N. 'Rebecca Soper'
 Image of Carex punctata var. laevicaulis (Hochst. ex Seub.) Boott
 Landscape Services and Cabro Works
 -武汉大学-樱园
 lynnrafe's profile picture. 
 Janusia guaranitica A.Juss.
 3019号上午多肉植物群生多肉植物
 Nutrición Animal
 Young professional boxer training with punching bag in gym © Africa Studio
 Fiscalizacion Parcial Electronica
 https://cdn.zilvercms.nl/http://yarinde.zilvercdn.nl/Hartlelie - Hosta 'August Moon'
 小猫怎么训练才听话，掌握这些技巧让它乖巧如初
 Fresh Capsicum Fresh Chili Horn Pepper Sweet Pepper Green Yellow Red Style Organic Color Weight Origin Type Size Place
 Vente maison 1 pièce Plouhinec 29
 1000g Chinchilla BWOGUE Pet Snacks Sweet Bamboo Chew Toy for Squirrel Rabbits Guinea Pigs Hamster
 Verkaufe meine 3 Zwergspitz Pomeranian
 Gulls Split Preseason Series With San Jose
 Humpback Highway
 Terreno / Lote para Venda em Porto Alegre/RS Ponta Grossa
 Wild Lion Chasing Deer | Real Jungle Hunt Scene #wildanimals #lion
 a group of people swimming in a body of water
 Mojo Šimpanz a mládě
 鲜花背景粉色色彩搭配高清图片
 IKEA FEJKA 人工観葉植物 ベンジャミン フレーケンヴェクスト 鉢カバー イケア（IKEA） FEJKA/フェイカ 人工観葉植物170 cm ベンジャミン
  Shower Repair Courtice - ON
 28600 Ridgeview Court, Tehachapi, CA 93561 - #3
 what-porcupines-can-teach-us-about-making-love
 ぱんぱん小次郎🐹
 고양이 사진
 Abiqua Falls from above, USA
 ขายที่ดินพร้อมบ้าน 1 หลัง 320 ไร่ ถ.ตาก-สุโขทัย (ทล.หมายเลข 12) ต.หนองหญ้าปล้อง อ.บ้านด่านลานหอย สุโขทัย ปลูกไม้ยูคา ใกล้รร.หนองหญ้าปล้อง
□ □ □ □ □ □ □
_Try it:_ Skip every line before the one containing "Wild Lion Chasing". Retype that line and the rest through the last one exactly as they stand in the listing.

_Your solution:_
 Wild Lion Chasing Deer | Real Jungle Hunt Scene #wildanimals #lion
 a group of people swimming in a body of water
 Mojo Šimpanz a mládě
 鲜花背景粉色色彩搭配高清图片
 IKEA FEJKA 人工観葉植物 ベンジャミン フレーケンヴェクスト 鉢カバー イケア（IKEA） FEJKA/フェイカ 人工観葉植物170 cm ベンジャミン
  Shower Repair Courtice - ON
 28600 Ridgeview Court, Tehachapi, CA 93561 - #3
 what-porcupines-can-teach-us-about-making-love
 ぱんぱん小次郎🐹
 고양이 사진
 Abiqua Falls from above, USA
 ขายที่ดินพร้อมบ้าน 1 หลัง 320 ไร่ ถ.ตาก-สุโขทัย (ทล.หมายเลข 12) ต.หนองหญ้าปล้อง อ.บ้านด่านลานหอย สุโขทัย ปลูกไม้ยูคา ใกล้รร.หนองหญ้าปล้อง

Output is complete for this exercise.